§ Source material:
=======

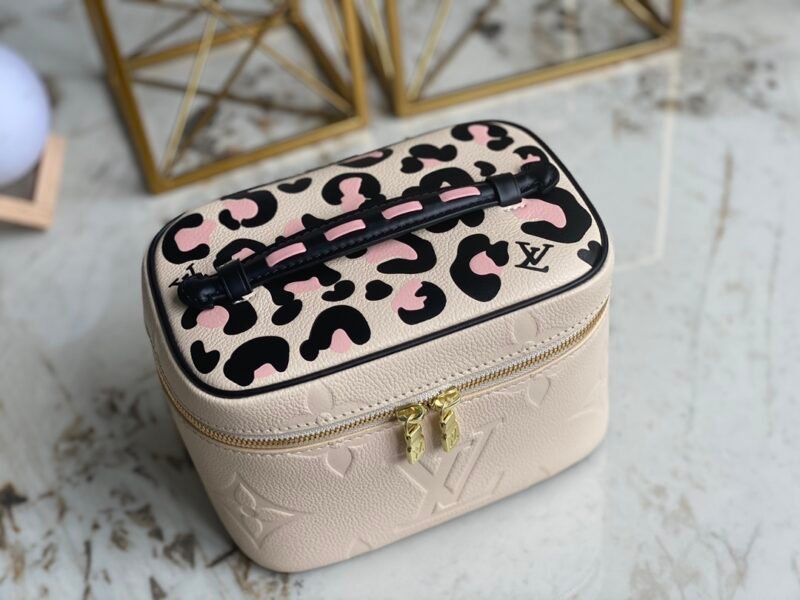 Louis Vuitton Cosmetic Bag-20*13.5*12CM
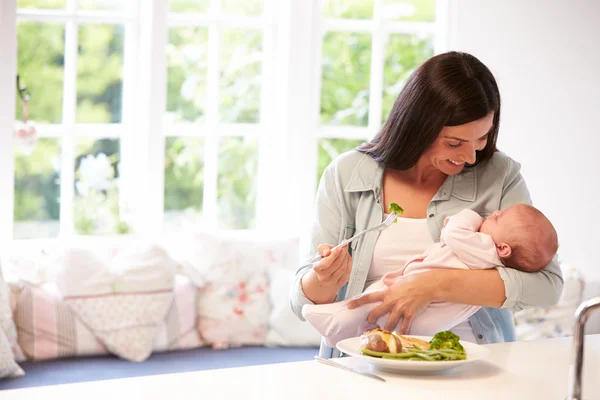 Mère avec bébé Manger sain Repas — Photo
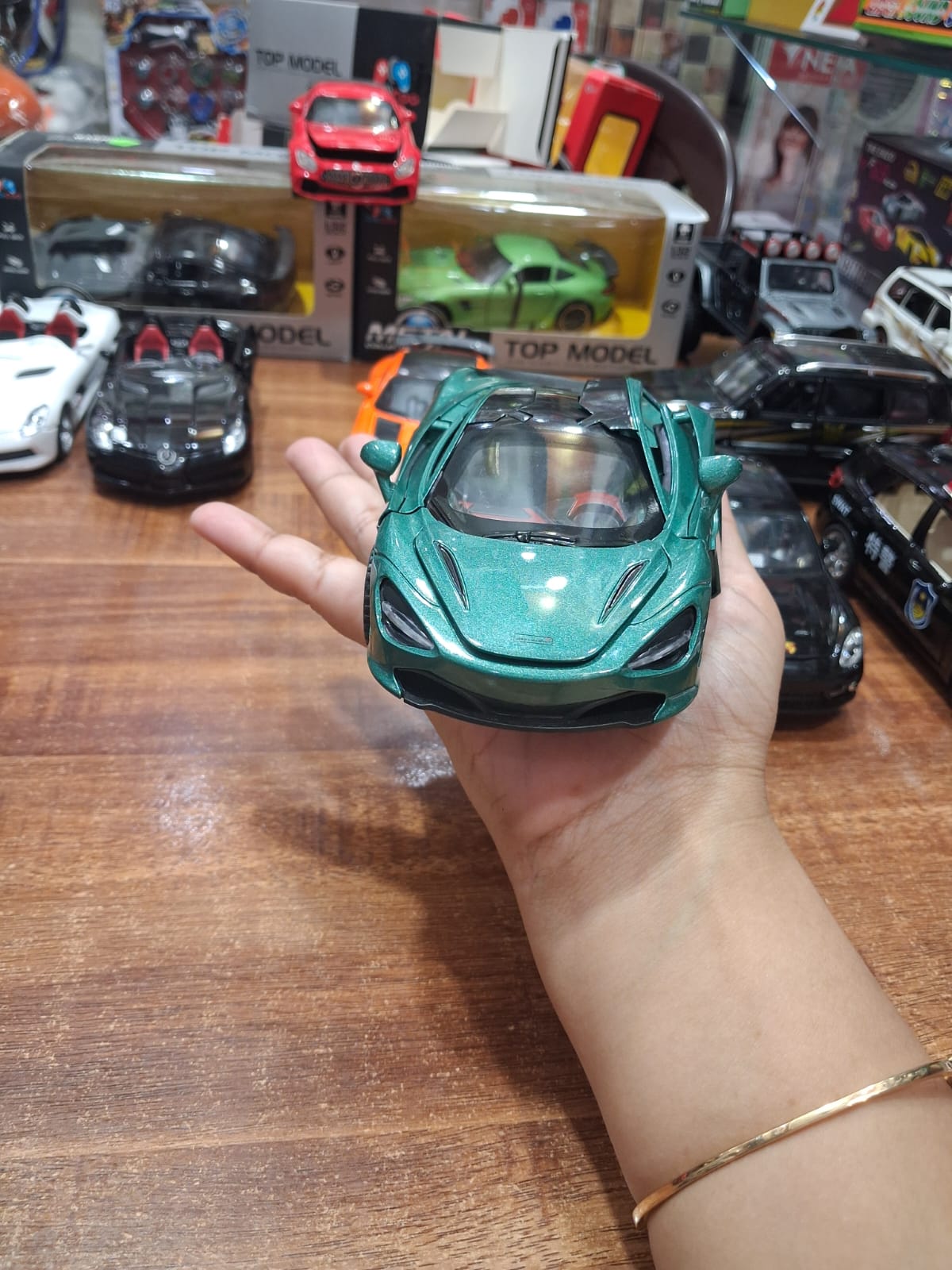 McLaren Supercar Die-Cast Model – 1:32 Scale | Green | Light & Sound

=======

§ Action item:
Through to the final line, copy the material above exactly and skip the images.

§ Task result:
 Louis Vuitton Cosmetic Bag-20*13.5*12CM
 Mère avec bébé Manger sain Repas — Photo
 McLaren Supercar Die-Cast Model – 1:32 Scale | Green | Light & Sound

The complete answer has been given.